Normal behavior ensures that movement-related cues are essentially constantly present: the head is never perfectly still even when a person is told to remain so; over several seconds the head can move in azimuth by up to 5° when unsupported . When performing tasks such as watching movies or playing games, such movements can be substantially larger than this . Given the ever-present nature of head movements, the phenomenon of inside-the-head versus outside-the-head sound sources is argued to be the result of a combination of the acoustic features of the auditory signal with an ongoing internal comparison between one’s own movement and the apparent movement of the sound source. We assume that the comparison takes the form of an integration of vestibular input, motor commands, and/or visual cues with smoothly-changing binaural cues, although it should be noted that present results cannot exclude the possibility that the comparison also involves smoothly-changing head-related spectral cues.
The substantial role of head movement in externalization demonstrated here, while in agreement with theory and a number of previous observations, is at odds with some findings. Differences in methodology and the lack of complete information make comparing our results with those of conflicting studies problematic. For example, neither Begault et al  nor Sone et al  provided any information on the extent and velocity of their participants’ head movements. As such we cannot firmly establish that their techniques were similar enough for direct comparison. The head movements allowed in Experiment One of Toole’s study  were not rotational as they were in our study; rather they were translational and restricted to within 3 to 4 inches. Given that in that experiment the loudspeakers were positioned 6 feet from the subjects’ heads, this movement corresponds to a parallax-induced change in subtended angle of just over 6° at maximum: far smaller than the 30° of motion allowed in our study. In Toole’s Experiment Two, in which the loudspeakers were attached to the head, the head moving condition was restricted to natural involuntary movements that resulted from the head being unrestrained. Thus any movements that might have decreased externalization would likely have been too small to have a consistent effect.

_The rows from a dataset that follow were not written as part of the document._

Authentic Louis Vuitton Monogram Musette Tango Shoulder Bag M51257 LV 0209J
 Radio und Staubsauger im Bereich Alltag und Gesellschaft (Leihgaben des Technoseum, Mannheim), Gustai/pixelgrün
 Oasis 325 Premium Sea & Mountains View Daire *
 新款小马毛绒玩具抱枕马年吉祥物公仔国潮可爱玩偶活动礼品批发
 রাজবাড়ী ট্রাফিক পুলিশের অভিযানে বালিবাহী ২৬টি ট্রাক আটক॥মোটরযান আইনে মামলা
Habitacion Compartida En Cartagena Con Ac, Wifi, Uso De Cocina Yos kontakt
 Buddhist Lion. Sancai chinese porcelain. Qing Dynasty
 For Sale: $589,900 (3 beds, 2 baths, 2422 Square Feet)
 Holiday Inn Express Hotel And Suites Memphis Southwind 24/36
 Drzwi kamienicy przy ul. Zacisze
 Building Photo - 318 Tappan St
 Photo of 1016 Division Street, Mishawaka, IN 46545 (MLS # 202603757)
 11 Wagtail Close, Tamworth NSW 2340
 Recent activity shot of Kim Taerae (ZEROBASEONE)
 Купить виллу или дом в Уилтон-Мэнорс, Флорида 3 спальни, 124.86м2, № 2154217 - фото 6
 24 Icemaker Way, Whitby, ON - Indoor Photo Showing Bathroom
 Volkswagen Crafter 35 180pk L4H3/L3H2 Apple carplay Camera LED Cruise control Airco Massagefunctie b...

Distance Perception and Externalization
Unlike some previous work from our lab which asked participants to respond on a sliding scale , in the current experiments (like Ohl et. al. ) we presented the externalization question as a binary one: “did the signal sound like it was coming from out on the world or from inside your head?” In reality, the distinction is not a binary one, but a question of degree: signals can seem to originate from points intermediate between the head and the loudspeaker, or may seem to come from locations close to the head without being perceptually located between the ears, for example. This scale is related to (and perhaps simply a semantic difference from) distance perception. At the least it is reasonable to claim that one cannot externalize a signal if it is perceived as having zero distance from the head. Very little work has been performed using motion tracking to examine distance perception (cf 36), so this is an open research question.
Interactions between externalization and visual targets
It is reasonable to suppose that seeing a target that has a certain likelihood of being the signal source may impact externalization. The ventriloquist effect, in which the presence of a visual target can draw the perceived location of the sound source towards it, is typically described as involving a visual object and a sound source spatially separated by azimuth and/or elevation. It is a powerful effect: evidence suggests that it remains robust at audio/visual source displacements equal to or even larger than 30° , at least for relevant visual stimuli. For simple lights, amplitude modulated with the level fluctuations of an acoustic signal, the effect is less strong: with a 20° disparity, voices and flashing lights are perceptually fused roughly 50% of the time . Our loudspeakers were visible, but were even less visually relevant than flashing lights, suggesting that any ventriloquism effect may have been minimal, especially for Experiment One in which the loudspeaker ring created many possible visual targets.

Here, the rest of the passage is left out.